Identity mask for numpy ndarray

390 views Asked by At

I would have expected True to preserve a ndarray when used as a mask, however, it adds a dimension, just like None.

arr = np.arange(16).reshape(2, 4, 2)
np.all(arr[True] == arr)         # outputs: True

Close enough, however looking closer:

arr[True].shape                  # outputs: (1, 2, 4, 2)
arr[None].shape                  # outputs: (1, 2, 4, 2)

I found two ways to set an identity mask: using slice(None) or Ellipsis.

np.all(arr[slice(None)] == arr)  # outputs: True
arr[slice(None)].shape           # outputs: (2, 4, 2)

np.all(Ellipsis == arr)          # outputs: True
arr[Ellipsis].shape              # outputs: (2, 4, 2)

Nothing really surprising here as this is how slicing works in the first place. slice(None) is a tad ugly and Ellipsis seems a wee bit faster.
However, going through:

I am not sure I fully understand this:

Deprecated since version 1.15.0: In order to remain backward compatible with a common usage in Numeric, basic slicing is also initiated if the selection object is any non-ndarray and non-tuple sequence (such as a list) containing slice objects, the Ellipsis object, or the newaxis object, but not for integer arrays or other embedded sequences.

I understand that the best way to preserve an array is not to mask it, but say I really want to setup a default value for a mask... ;-)

Question: Which is the preferred way to setup an identity mask ? And if I may, is True adding a dimension the intended behavior ?

2

There are 2 answers

1
user2357112 On

You keep saying "mask", but it doesn't sound like you really want a masking operation at all, even an "identity" mask.
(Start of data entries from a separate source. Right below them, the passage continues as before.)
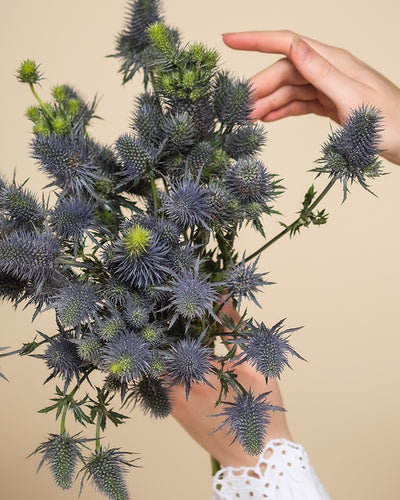 Die Hände halten zart einen Strauß Edeldistel, dessen blaue Blüten sich vor einem hellbeigen Hintergrund abzeichnen. Ein weißer Ärmel mit Ösenmuster verleiht der Szene Eleganz.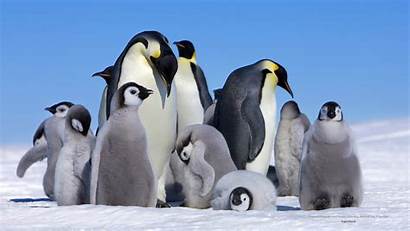 Penguin Screensavers Desktop Backgrounds Animal Wallpapers 1280a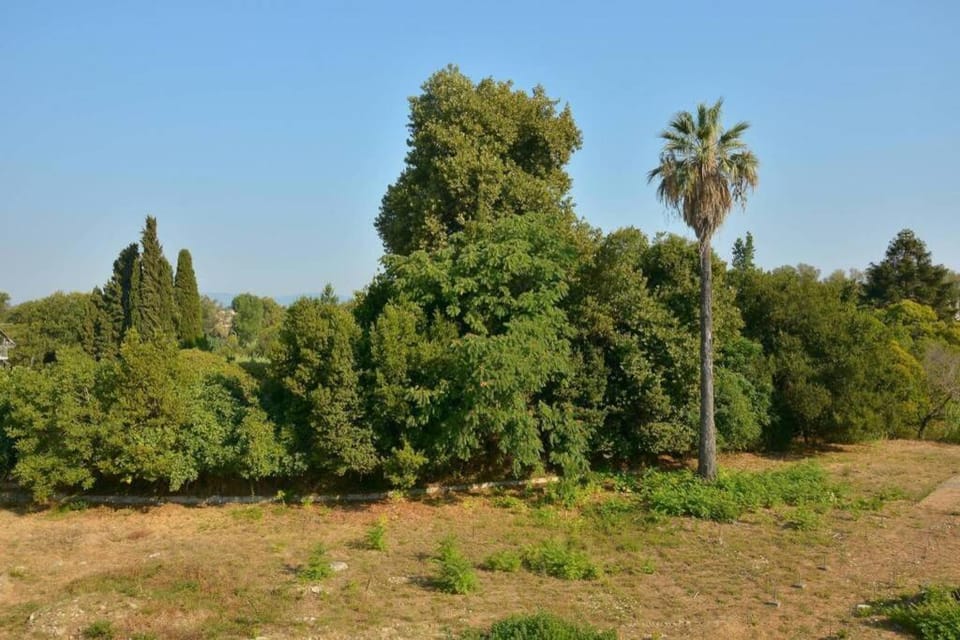 Natural landscape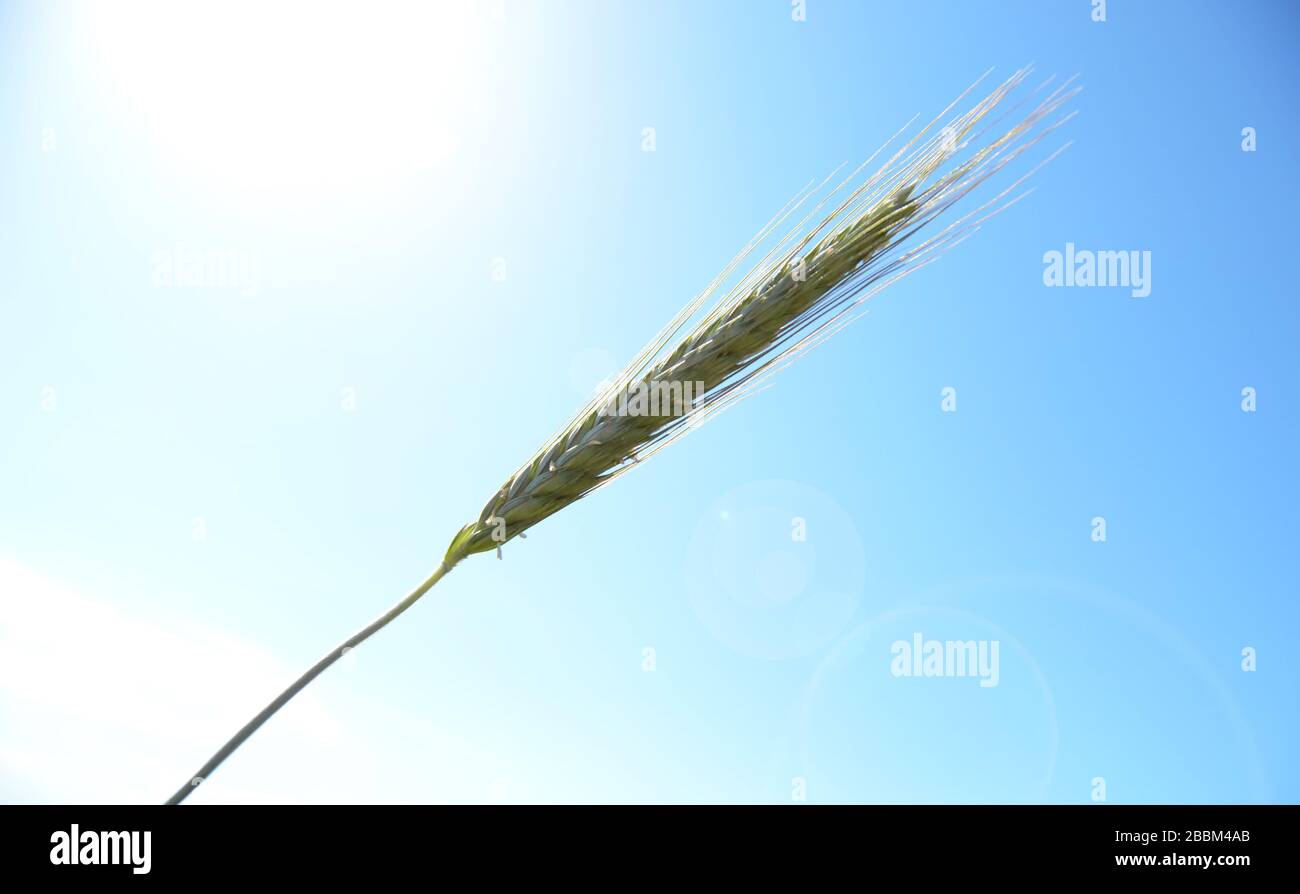 orecchio di grano verde e cielo blu Foto Stock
A mask array would typically be a boolean array of the same shape as the original array, and indexing with the mask would produce a 1D array with items selected by the mask. Even an all-true mask would produce a flattened copy of the array it was applied to. It wouldn't be an identity operation. It's possible to do weirder things with masks, but not an identity operation.
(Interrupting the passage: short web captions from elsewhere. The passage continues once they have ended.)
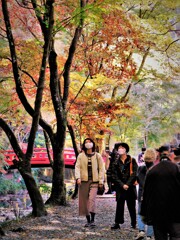 紅葉狩り・・・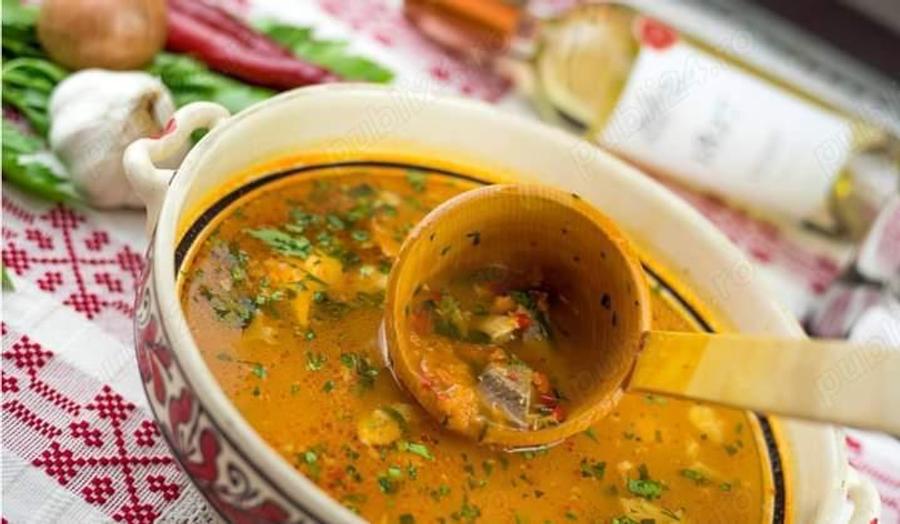 vand 2309 mp teren 100% construibil, pt diverse afaceri - 15 km de Timisoara la soseaua principala - 8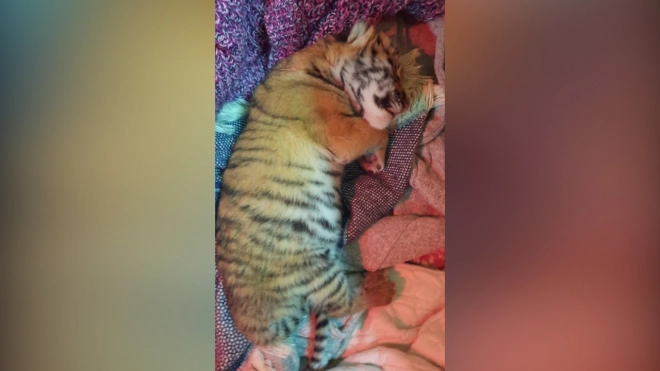 Новорожденному тигренку из цирка на Фонтанке ищут кормящую собаку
If you want an indexer that outputs an equivalent array to the original, the typical, most general way to do that would be ... - a literal ellipsis:

arr[...]

Unlike :, this also works for 0-dimensional arrays. Note that this produces a view, not a copy. There is no indexer that would produce a copy and work properly for all input dimensions.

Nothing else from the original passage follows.